Limitations & Future Work¶
- ReASC relies on the assumption that a model's self-confidence correlates with correctness. While experiments support this trend, confidence might be distorted by systematic overconfidence, strong hallucinations, or OOD tasks.
- Bottom 10% Group Confidence requires access to token-level probability distributions, which some closed-source APIs or high-throughput frameworks might not provide consistently.
- Online calibration uses GMM fitting on test set confidence; threshold estimation may become unstable if the distribution is not clearly bimodal.

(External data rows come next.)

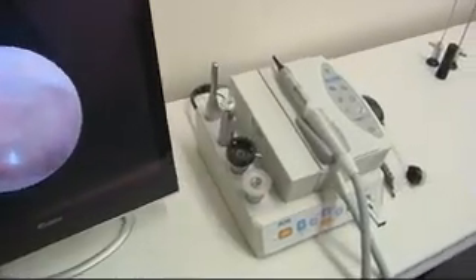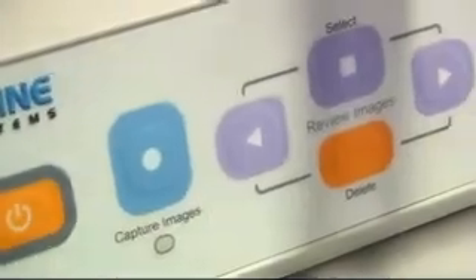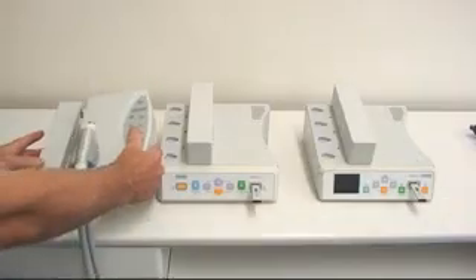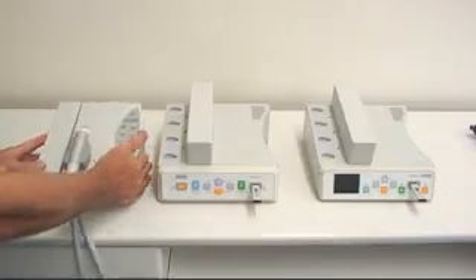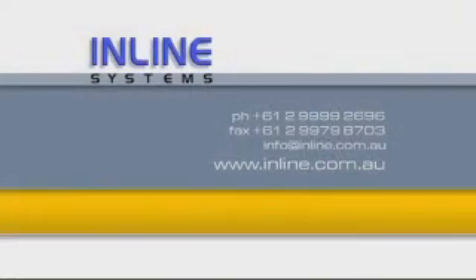The Microvision is an easy to use, six cameras in one, high resolution, compact medical camera, ideal for a number of applications ranging from ENT to dermatology and dental. The range of docking stations available make it ideal for clinical and remote use. For more information you can contact Inline Systems on 9999 2696 or visit the website at inline.com.au.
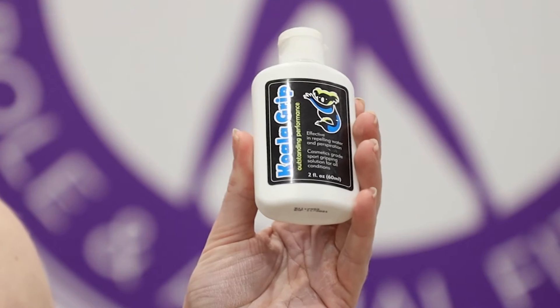Hi guys, my name is Bianca from The Pole Room and I'm here today to talk to you about koala grip. With any of the grips that we have, make sure that you wash and dry your hands thoroughly before application.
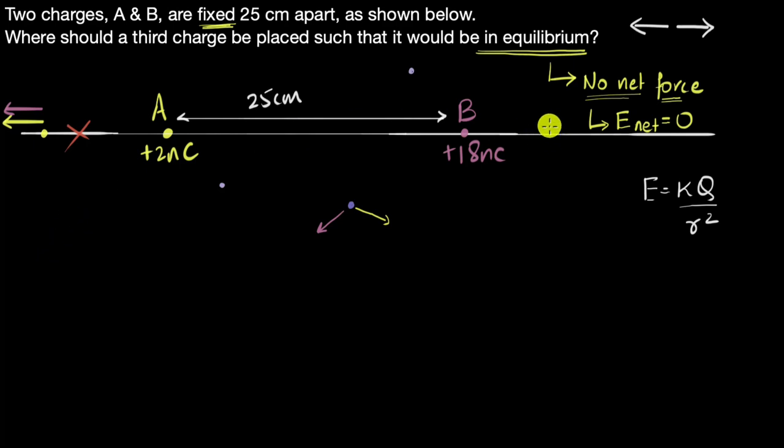Similarly, it cannot be to the right of B, because at any point there both positive charges produce electric fields pointing away — they add up instead of canceling. But somewhere in between A and B, the electric field from A points away from A and the field from B points away from B — they're in opposite directions, so they can cancel. By logical deduction alone, the electric field can be zero only somewhere between A and B.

- The paper focus on computation and latency but does not deeply explore the synergy with verifiers, process reward models (PRMs), or tree-search reasoning.
Related Work & Insights¶
- vs Self-Consistency: SC uses fixed sampling (\(k=16\)), whereas ReASC stops dynamically based on evidence sufficiency, leading to much lower costs at similar accuracy levels.
- vs ASC / ESC: While ASC and ESC rely on counts or window consistency, ReASC incorporates confidence as a soft count weighting within the same Beta framework to model evidence quality.

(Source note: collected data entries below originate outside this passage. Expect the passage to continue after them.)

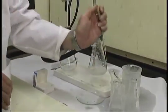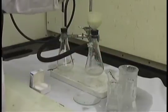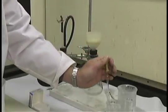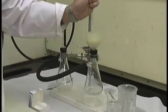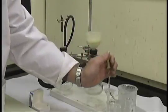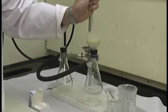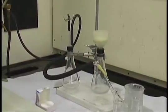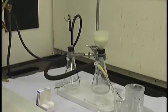Rinse the collected solid with fresh recrystallization solvent that has been cooled in an ice bath to remove any traces of impurities that may be adhering to the surface of the crystals. Typically, you only need three or four pipette-fulls, or a total of five milliliters of the ice-cooled solvent. You can then allow the vacuum to pull for a minute or two to remove most of the remaining solvent from the solid.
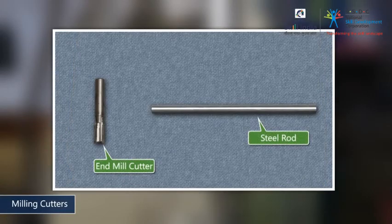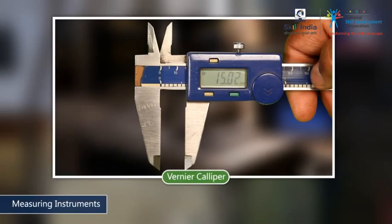Set aside an end mill cutter and a steel rod of the same diameter. Keep the required measuring instrument on standby. To make this work piece accurately, you will require a vernier caliper.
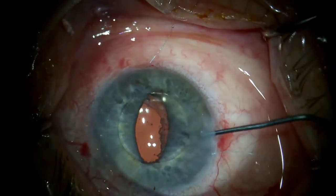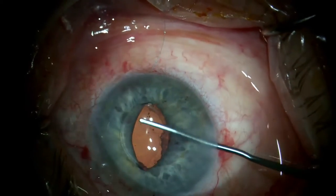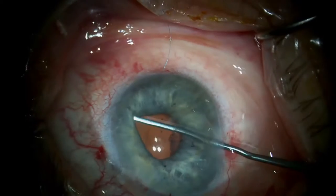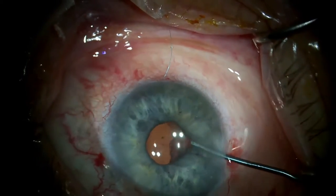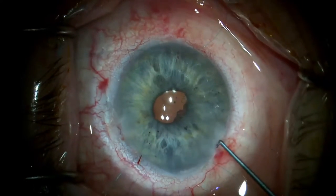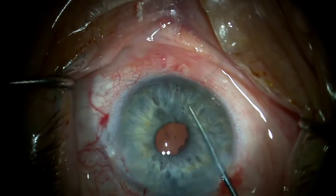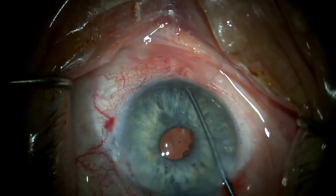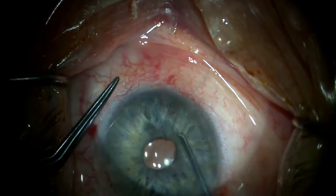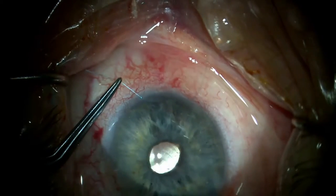The IOL manipulator is used to push the optic behind the iris while the iris fixation sutures are under the haptics but not yet tied. The iris is retracted to inspect the IOL and ensure good centration of the optic. The straight IOL manipulator is then used to hook one side of the suture between the iris and the cornea, then retract it through a convenient paracentesis opening.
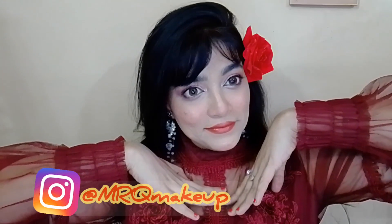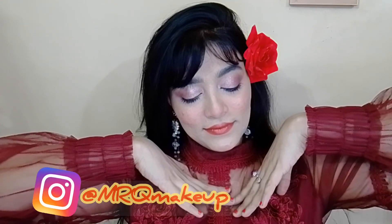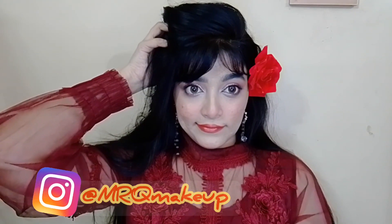Hey guys, Assalamualaikum — that's me Mekrubab Kadri saying hello to you all. Today we are going to do this makeup tutorial. This is a basic, simple, sweet and romantic makeup tutorial which you can wear with any dress. So today we are going to see and learn, so let's get started.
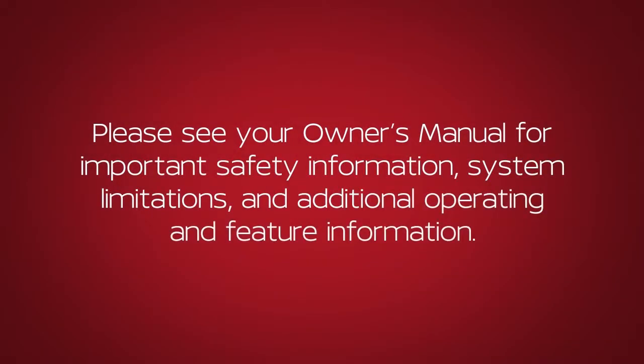Please see your Owner's Manual for important safety information, system limitations and additional operating and feature information.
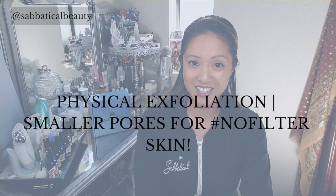Are you always using face blur skin filters because all you see are the large pores on your face? Is your skin rough or do you have dead skin flakes dangling off your congested mug? There's one simple and natural solution: physical exfoliation.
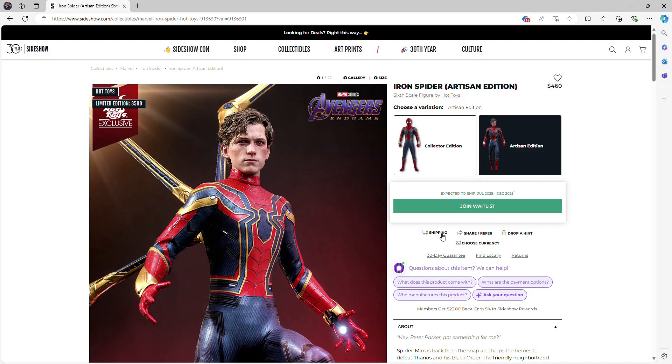What is up everyone, welcome back to my channel for another Hot Toys figure preview video. Today we are back with another figure from that special six-figure day release, which was last Monday. Today we are doing Iron Spider, the Artisan Edition from the movie Avengers: Endgame. This is the second Artisan Edition figure from Endgame — the first one was Wanda, released a couple of months ago. Today we are doing the Artisan Edition Iron Spider, which thankfully I was able to get.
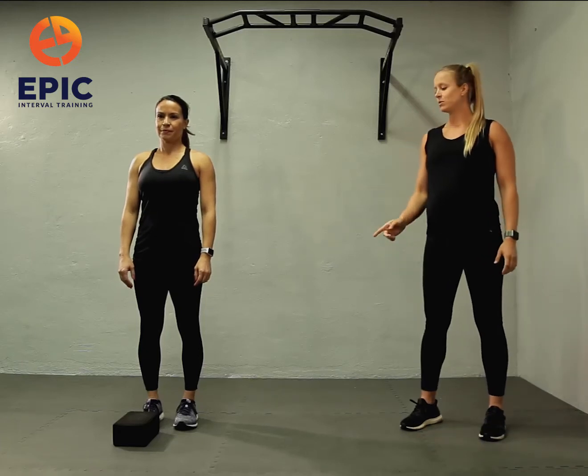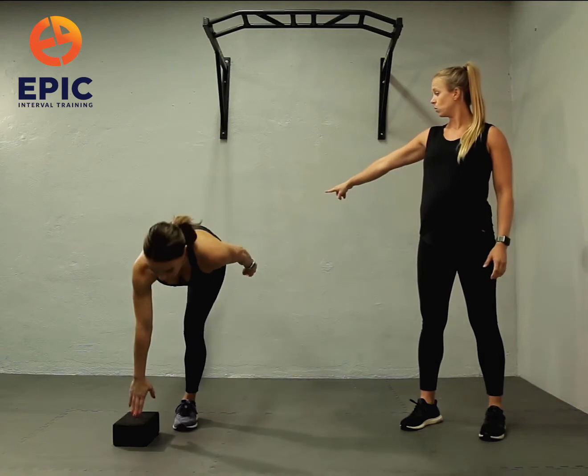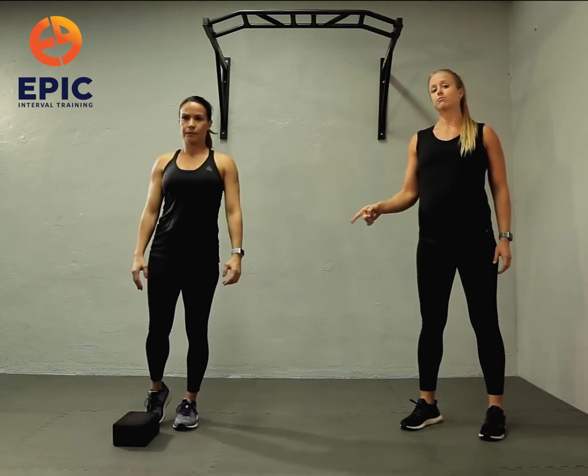Single leg kicks. Level one: you're going to take a Pilates block and do a single leg hinge, kicking one foot to the wall behind you and then coming to standing. If your right leg is going back, you're going to touch down your right hand.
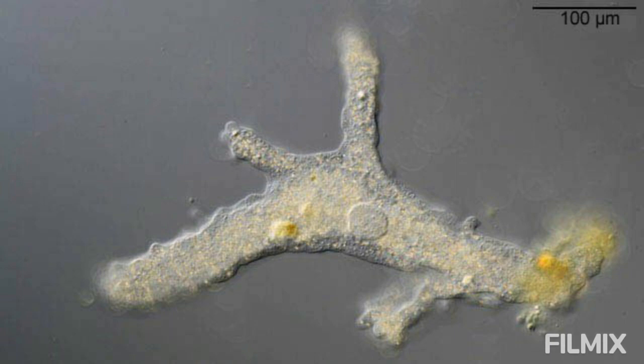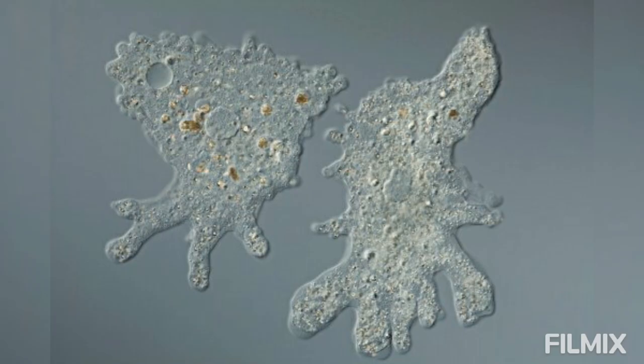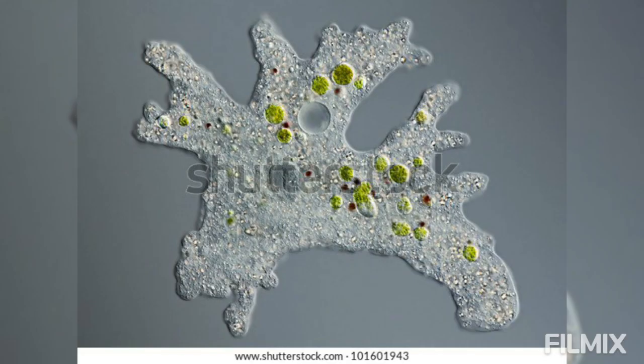To prepare the culture medium, tap water should not be used because it is usually chlorinated. After boiling for about 15 minutes, the water is filtered and the filtrate is allowed to cool.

- vs verifier / reranker: Verifiers usually require additional models or training data. ReASC leverages endogenous model confidence, making it lighter to deploy but more sensitive to the quality of confidence calibration.
Rating¶
- Novelty: ⭐⭐⭐⭐☆ Using confidence as evidence weight for adaptive self-consistency is clear and effective; the statistical framework builds solidly on ASC.
- Experimental Thoroughness: ⭐⭐⭐⭐⭐ Covers multiple models, datasets, calibration modes, and extended tasks with sufficient evidence.
- Writing Quality: ⭐⭐⭐⭐☆ The method is clearly described, and formulas support the empirical claims.
- Value: ⭐⭐⭐⭐⭐ Highly practical for LLM services needing multi-sample reasoning with cost constraints.